France’s Christine Lagarde appointed to lead IMF (PHOTOS)

GlobalPost

French Finance Minister, Christine Lagarde, was chosen on June 28, 2011 to lead the International Monetary Fund (IMF), becoming the global finance organization’s first female managing director.

Her victory over Mexican central bank governor Agustin Carstens, her only competitor for the position, was confirmed after United States Treasury Secretary, Timothy F. Geithner, announced official support for Lagarde. “Minister Lagarde’s exceptional talent and broad experience will provide invaluable leadership for this indispensable institution at a critical time for the global economy,” Geithner said, according to the New York Times.

Lagarde’s appointment was all but confirmed before Geithner’s endorsement, and she has been the lead candidate since former IMF chief Dominique Strauss-Kahn resigned the post following his arrest in New York on sexual assault charges in May. Lagarde spent the last month campaigning worldwide for the position, meeting with leaders not only in the US, but also in Brazil, China, India, and Africa, whose power she pledged to increase in the fund.

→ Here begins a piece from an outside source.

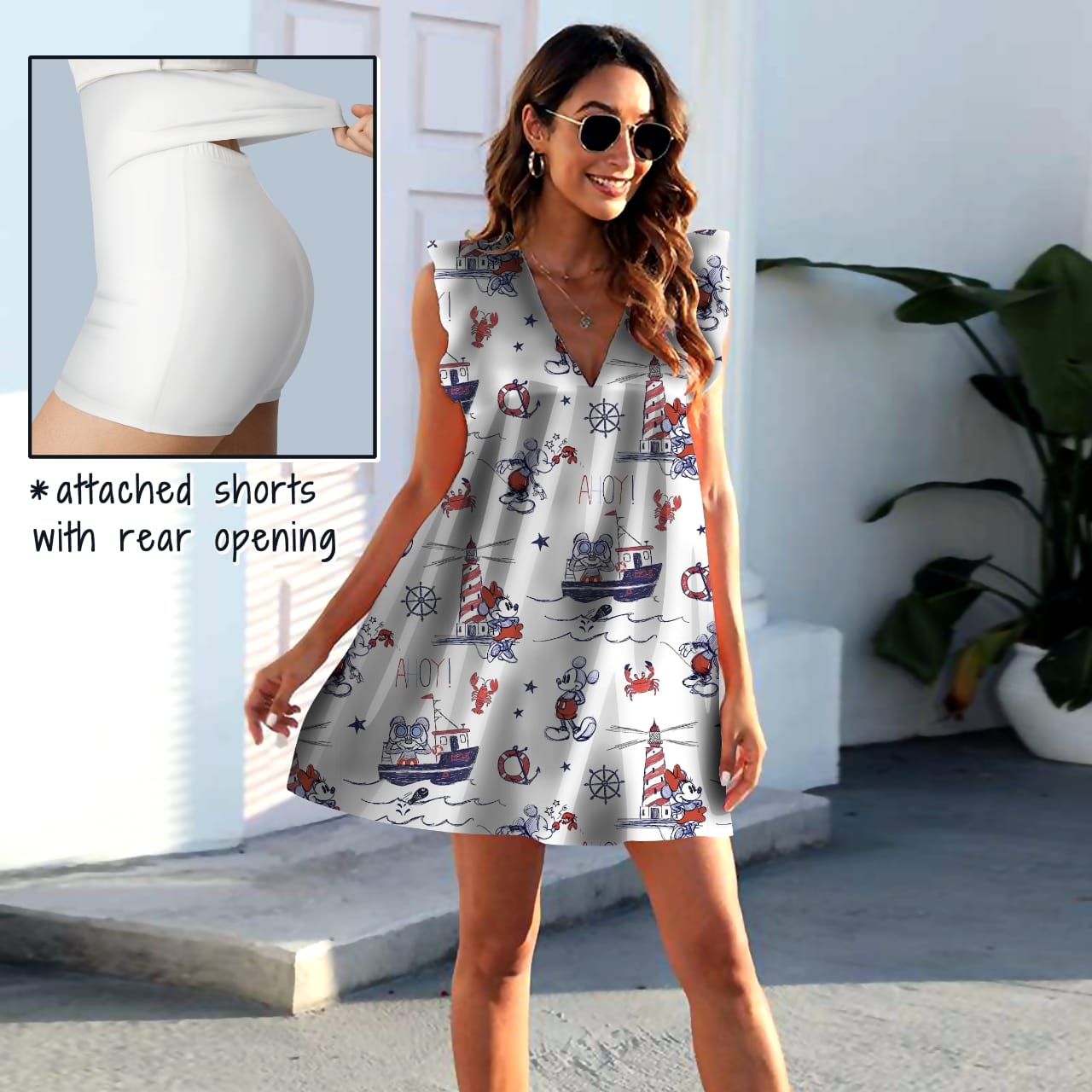 Nautical Mice Pocket Dress with Shorts - PREORDER - ETA MID JULY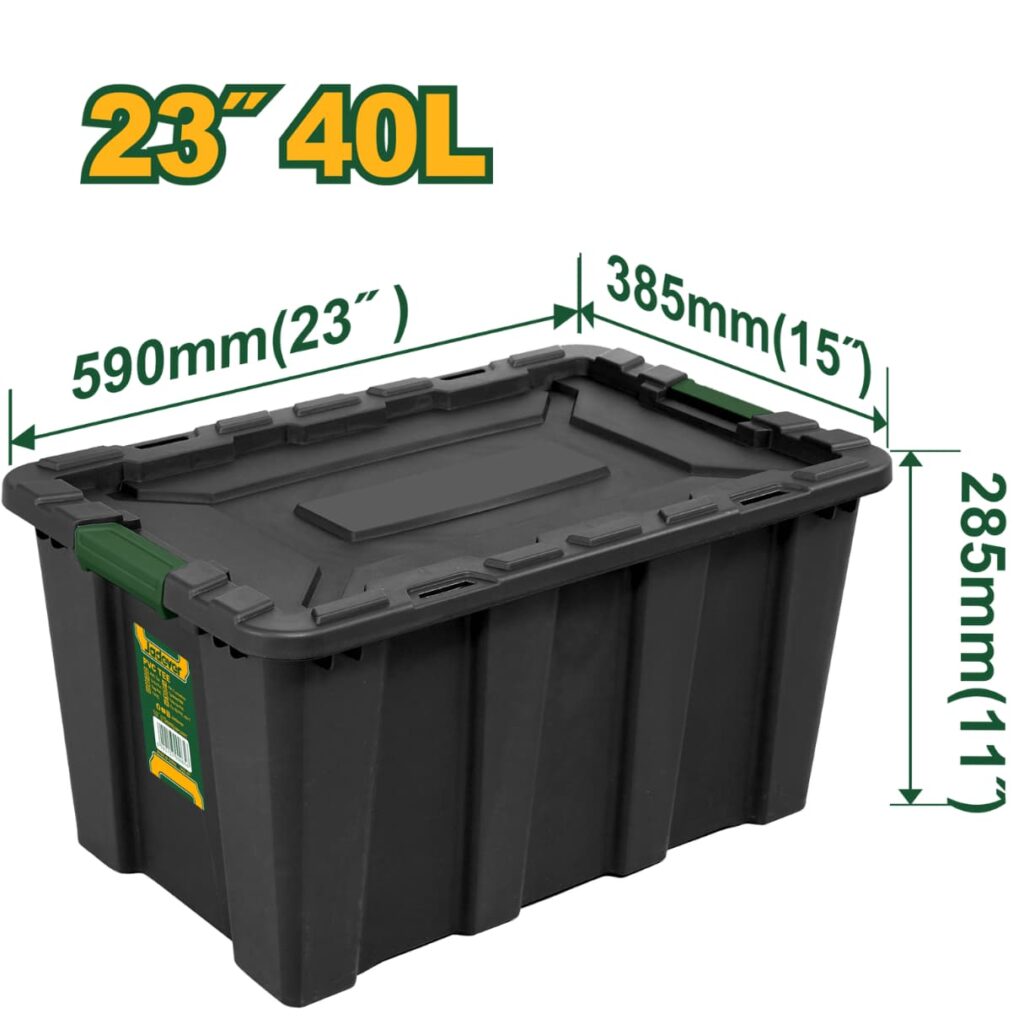 CAJA DE ALMACENAMIENTO NEGRO 23″ 40L – JDTB3340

Lagarde will be the first IMF chief who is not an economist, but she argues that her experience speaks for itself.

"I am deeply honored by the trust placed in me,” Lagarde said in a statement, reported by MSNBC, after the vote, “I would like to thank the fund's global membership warmly for the broad-based support I have received."

Before entering French politics in 2005 as Minister of Trade, she led the Chicago-based law firm Baker & McKenzie. Appointed French Finance Minister in 2007, she was one of the longest-serving ministers under French President Nicolas Sarkozy, and worked to change French work culture and make the country’s labor market laws more flexible. Among her countrymen, she is sometimes called “The American” for her attempt to promote what NPR describes as “US-style Puritan workaholism” in France. 

Stately, silver-haired, and stylish, Lagarde, 55, is considered one of the most powerful woman in the world, according to Forbes. As the new IMF chief starts in Washington on July 5, the world will be watching how she attempts to tackle the European debt crisis and restore the IMF’s image after the Strauss-Kahn scandal.

Edwin Truman, a senior fellow at the Peterson Institute for International Economics, who knows Lagarde and told NPR’s All Things Considered: "She is an aggressive spokesperson for the advancement of women in everything.”

During an interview in October with ABC’s Christiane Amanpour, Lagarde asserted that women bring positive energy to professional workplaces: "I think we inject less libido … And less testosterone into the equation… It helps in the sense that we don't necessarily project our egos into cutting a deal."